I miss my innocence and my ignorance of how rotten I can be and how awful other people can behave. I miss that place in my mind where anything was possible and friends never deserted you and people never gossiped and kids weren’t abused and mommies and daddies stayed together forever. I miss that feeling of immortality, even if, deep down, I knew it wasn’t real.
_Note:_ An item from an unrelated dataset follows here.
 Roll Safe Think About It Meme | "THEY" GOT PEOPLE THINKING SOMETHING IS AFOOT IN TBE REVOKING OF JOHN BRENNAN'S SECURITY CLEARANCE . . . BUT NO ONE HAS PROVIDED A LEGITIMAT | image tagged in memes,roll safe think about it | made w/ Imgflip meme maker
Or maybe it was real and I just didn’t understand. Because I know that God “has also set eternity in the human heart” (Ecclesiastes 3:11) and that He loved the world so much that He “gave his one and only Son, that whoever believes in him shall not perish but have eternal life” (John 3:16). And when that eternal life in heaven begins, I know that Jesus “will wipe every tear from [our] eyes. There will be no more death or mourning or crying or pain, for the old order of things has passed away” (Revelation 21:4). Maybe the things I miss are not gone forever. Maybe I’ll live them out all over again, but really, for the first time.
 
Troy Burns


Of Fireworks and Days Gone By

Last night, our friends invited us to join them at their lake property for the 4th of July festivities. It just so happens that fireworks are legal in that particular county, so anyone and everyone can set off their fountains, missiles, rockets, and so on. Therefore, as the sun set and the sky darkened, I was transported back to the 1970s, when I was still a kid and the world seemed so big and fireworks were not illegal. If you’ve had one of those vivid, realistic dreams where you’re back in your childhood days, you understand my evening at the lake. The only difference is that it was REAL.
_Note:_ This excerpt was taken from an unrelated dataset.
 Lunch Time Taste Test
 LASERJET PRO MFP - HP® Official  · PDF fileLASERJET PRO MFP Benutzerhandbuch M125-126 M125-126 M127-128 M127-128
Wherever I looked, fireworks lit up the sky. Wherever I heard (if that is a phrase), booming sounds rang out almost continuously. If you would have told me that I’d literally traveled back in time, I might have believed you. As bizarre and surreal as this experience was, it also refreshed in my mind a sense of childlike wonder. Maybe I’m not so grown up after all. And maybe that’s not such a bad thing.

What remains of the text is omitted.